Mike Reid went from game plans to song sheets
Dozens have won the Outland Trophy, presented annually to college football’s outstanding interior lineman.
Hundreds have won Grammys.
Only Mike Reid has won both.
Forty years ago, as a senior defensive tackle at Penn State, Reid won the Outland Trophy. He won his Grammy 15 years later for penning the country music song of the year.
In between, Reid walked away from a promising NFL career, bolting the Cincinnati Bengals after only five seasons to pursue his musical muse.
Friends and former teammates tell him that, had he stayed, he might have wound up in the Pro Football Hall of Fame.
Which fazes him not at all.
“I was burned out on the game,” Reid, 62, says from his home outside Nashville. “I didn’t play that long, but I got to the place where it just didn’t mean anything to me anymore.

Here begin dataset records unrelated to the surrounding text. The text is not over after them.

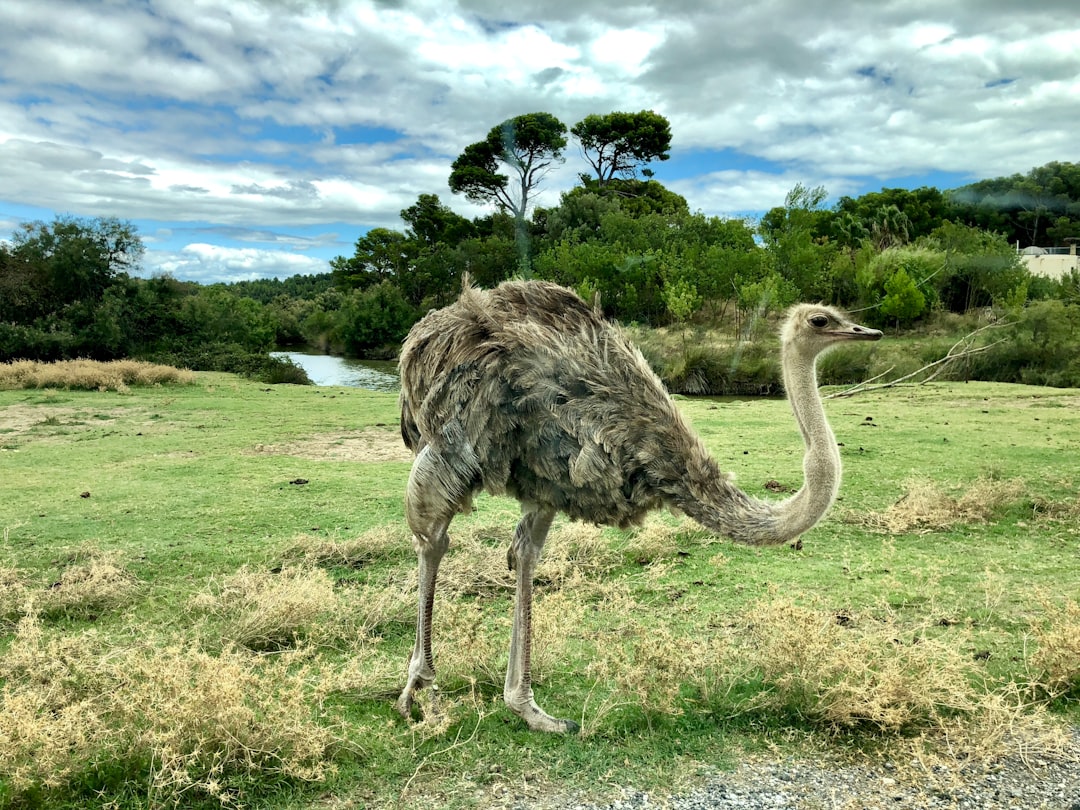 ostrich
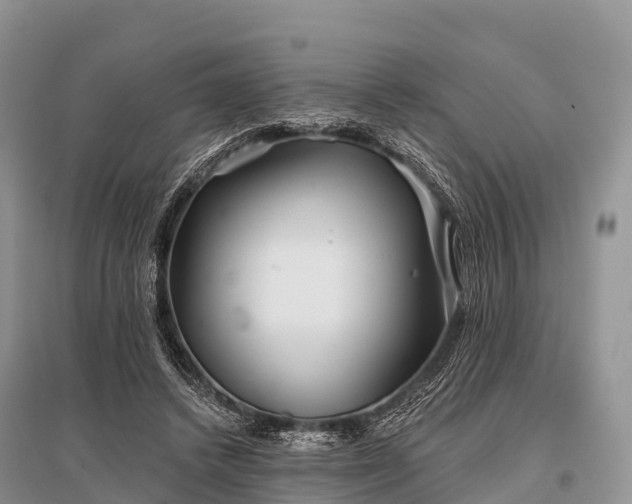 X0000096150448200801251108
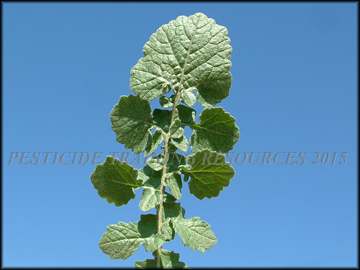 Top of Leaf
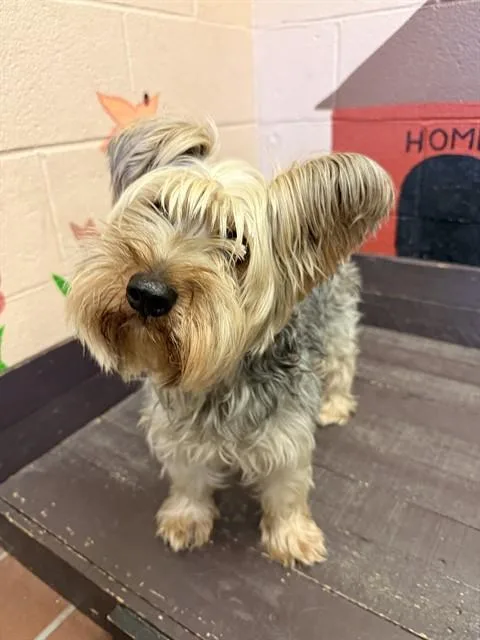 An adult small-sized male Yorkshire Terrier dog named Boog for adoption in Castaic, CA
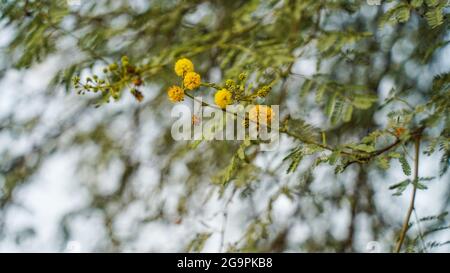 Farnesiana dell'acacia, e precedentemente Mimosa farnesiana, comunemente conosciuta come acacia dolce, huisache, o cespuglio dell'ago. Foto Stock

“I just knew I was done -- there was no question -- and I never had a moment’s regret. I never thought, ‘Yeah, I screwed up.’ ”
Who has the time?
A piano player from age 6 and a music major at Penn State, where the Nittany Lions were 22-0 in his last two seasons, Reid has co-written more than 20 chart-topping country hits.
Artists as diverse as Willie Nelson, Bette Midler, Wynonna and Anita Baker have recorded his tunes. Twelve of Reid’s songs were turned into No. 1 hits by Ronnie Milsap, including the Grammy-winning “Stranger in My House,” and his “I Can’t Make You Love Me,” a hit for Bonnie Raitt, has become a pop standard.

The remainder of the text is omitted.